BEGIN Material for this task

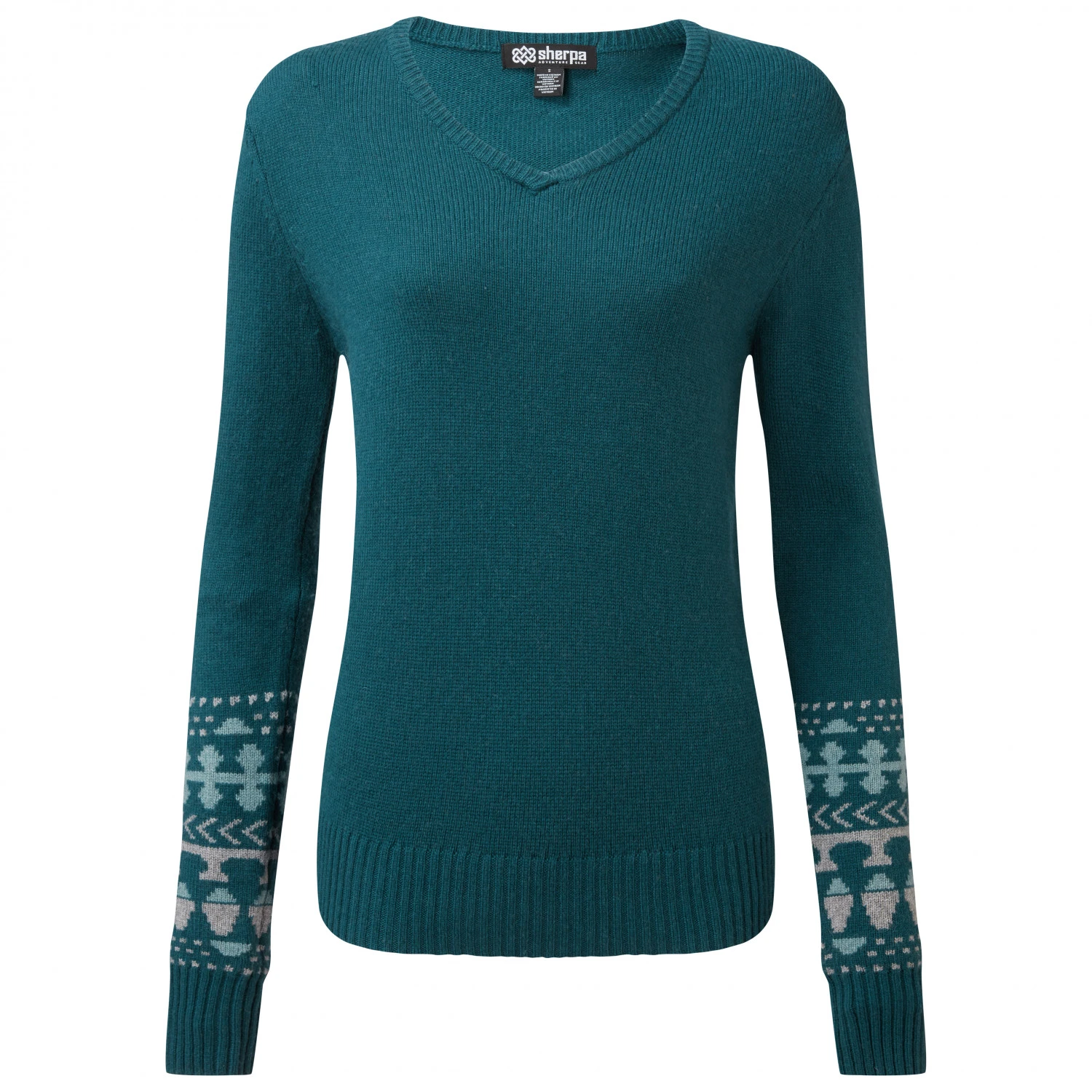 Sherpa Women's Maya V-Neck Sweater - Pullover - Image 3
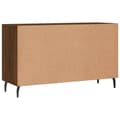 Miniatyrbilde 7 av 11: vidaXL Skjenk brun eik 100x36x60 cm konstruert tre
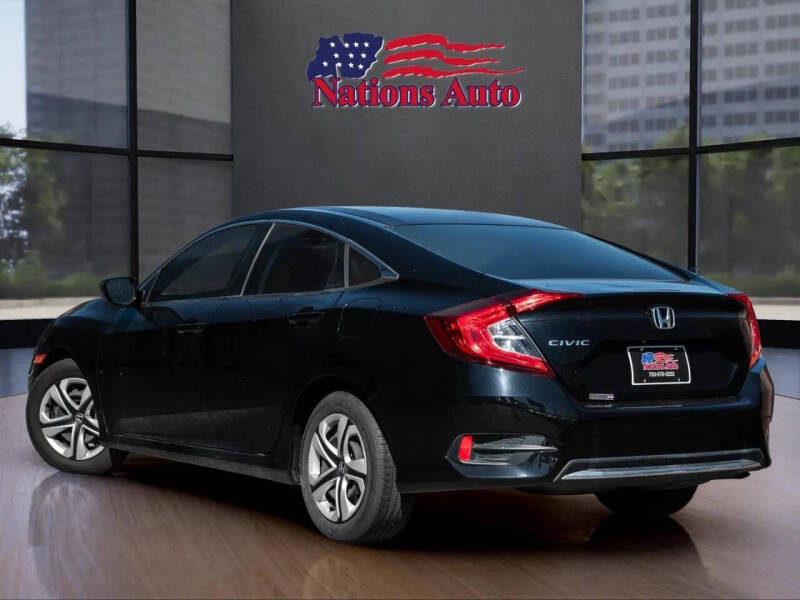 2021 Honda Civic LX
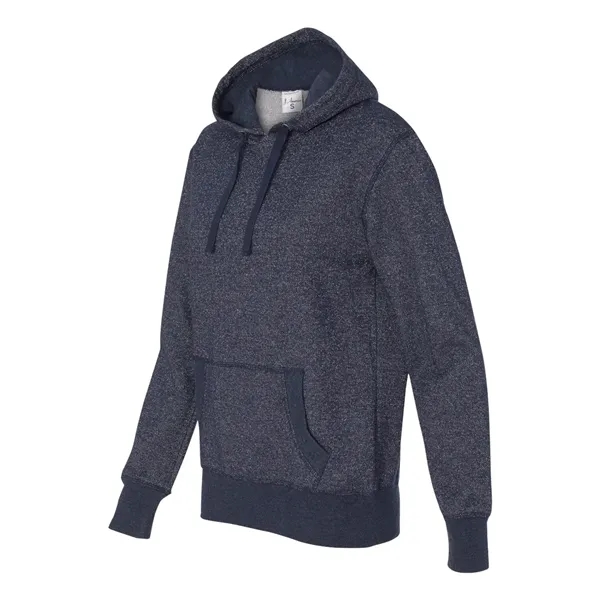 Women's french terry hooded pullover. Blank.... from ASI 84358 S&S Activewear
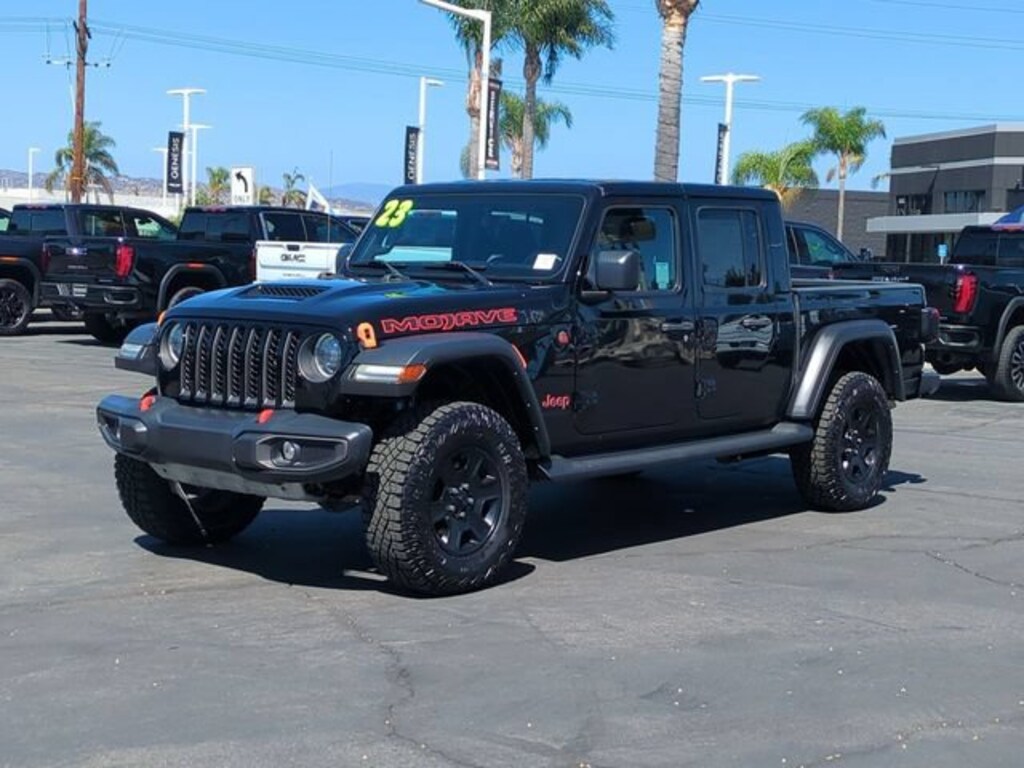Used 2023 Jeep Gladiator Mojave 4x4 Truck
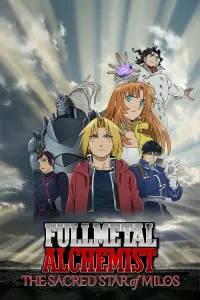 Poster to the movie "Fullmetal Alchemist the Movie: The Sacred Star of Milos" #111553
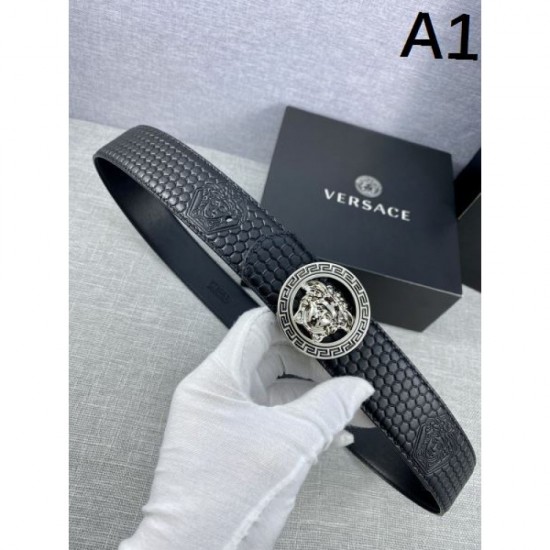 2025FW Casual Belt VERSACE Versace Casual atmosphere and luxurious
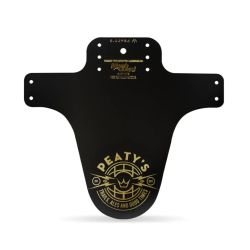 Φτερό ποδηλάτου Peaty's x Marsh Guard - Trails, Ales & Good Times - Gold Mudguard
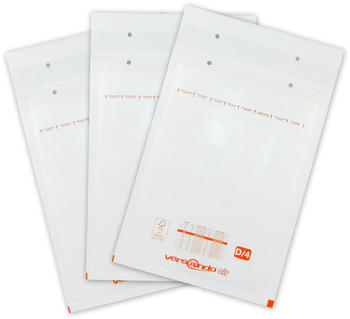 versando Luftpolstertaschen D4 weiß (100 Stück)
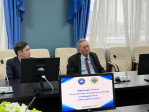 University representatives took part in a roundtable discussion on issues of interethnic harmony.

END Material for this task

Work to be completed. Output each line above exactly. Skip the images.

Exercise response.
 Sherpa Women's Maya V-Neck Sweater - Pullover - Image 3
 Miniatyrbilde 7 av 11: vidaXL Skjenk brun eik 100x36x60 cm konstruert tre
 2021 Honda Civic LX
 Women's french terry hooded pullover. Blank.... from ASI 84358 S&S Activewear
Used 2023 Jeep Gladiator Mojave 4x4 Truck
 Poster to the movie "Fullmetal Alchemist the Movie: The Sacred Star of Milos" #111553
 2025FW Casual Belt VERSACE Versace Casual atmosphere and luxurious
 Φτερό ποδηλάτου Peaty's x Marsh Guard - Trails, Ales & Good Times - Gold Mudguard
 versando Luftpolstertaschen D4 weiß (100 Stück)
 University representatives took part in a roundtable discussion on issues of interethnic harmony.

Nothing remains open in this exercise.